*Problem details*. No pictures belong in the result; set down exactly the lines from the one containing "A screenshot of" through the final line of the listing, and nothing more.

*Information supplied*.
● ● ● ● ● ● ●

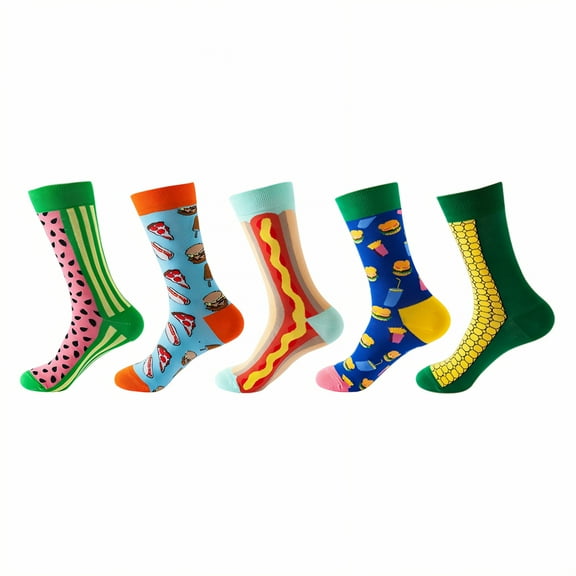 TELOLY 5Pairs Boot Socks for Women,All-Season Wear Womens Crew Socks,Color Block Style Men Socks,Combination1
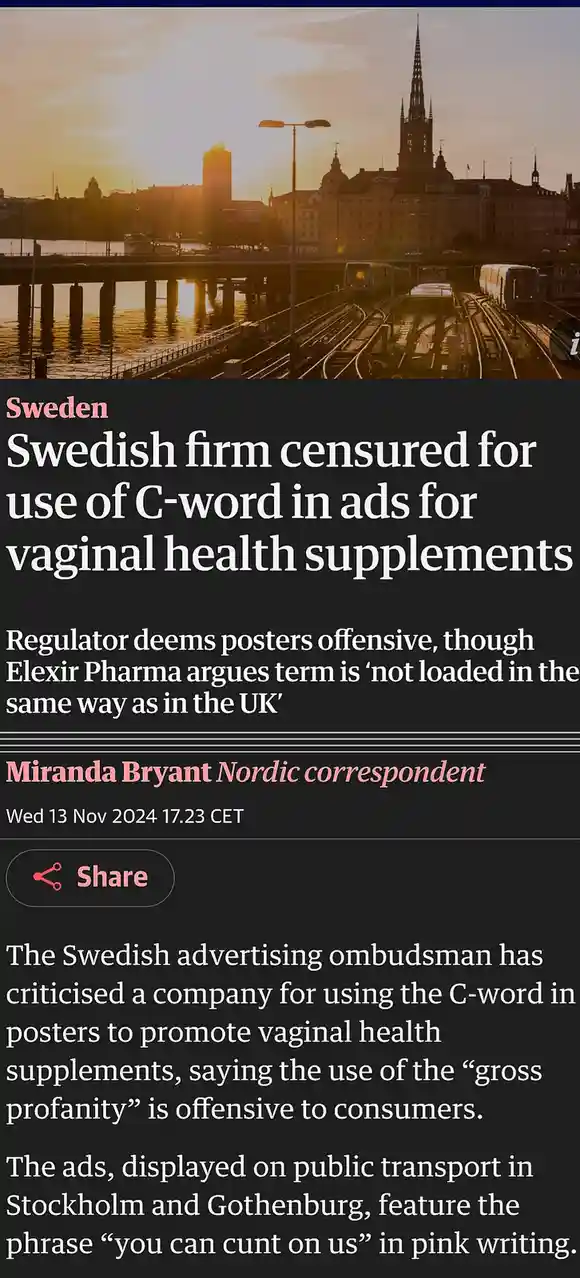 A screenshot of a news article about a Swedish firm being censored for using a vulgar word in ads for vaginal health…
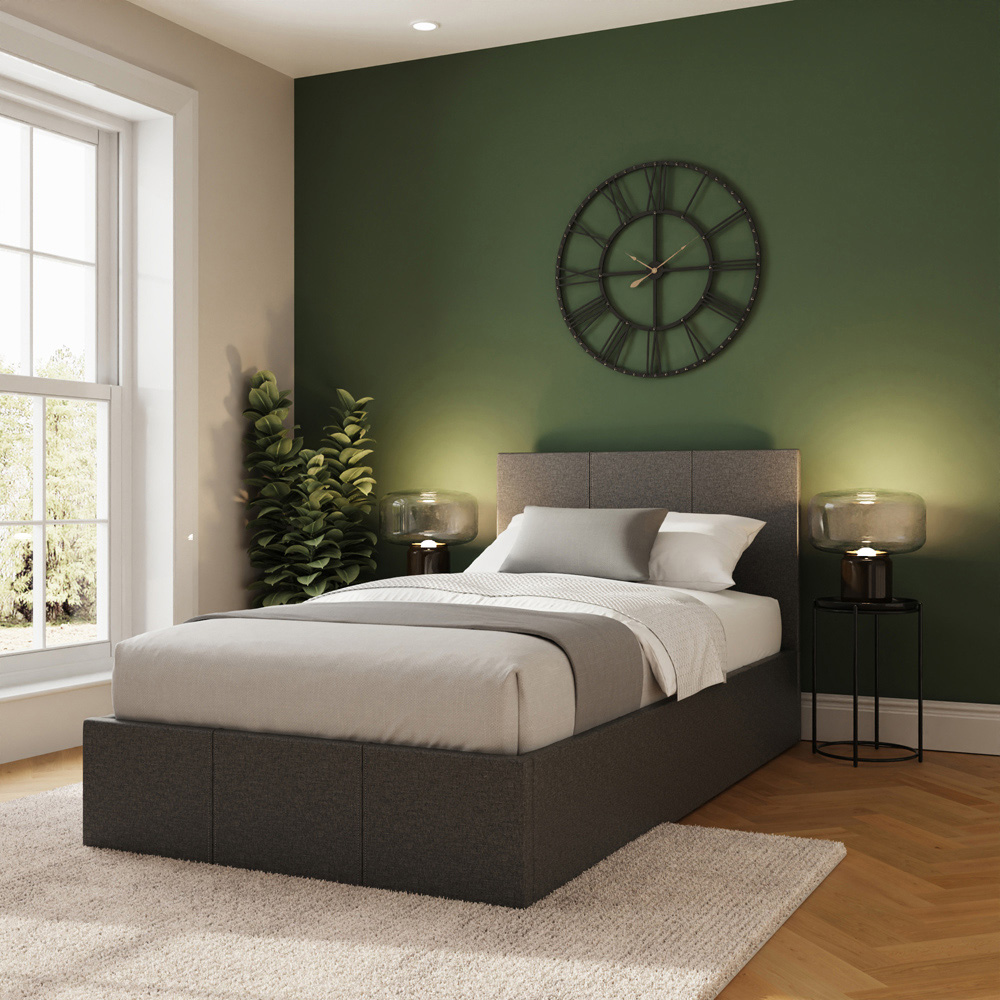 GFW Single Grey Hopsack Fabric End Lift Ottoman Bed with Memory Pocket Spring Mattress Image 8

● ● ● ● ● ● ●

*Exercise result*.
 A screenshot of a news article about a Swedish firm being censored for using a vulgar word in ads for vaginal health…
 GFW Single Grey Hopsack Fabric End Lift Ottoman Bed with Memory Pocket Spring Mattress Image 8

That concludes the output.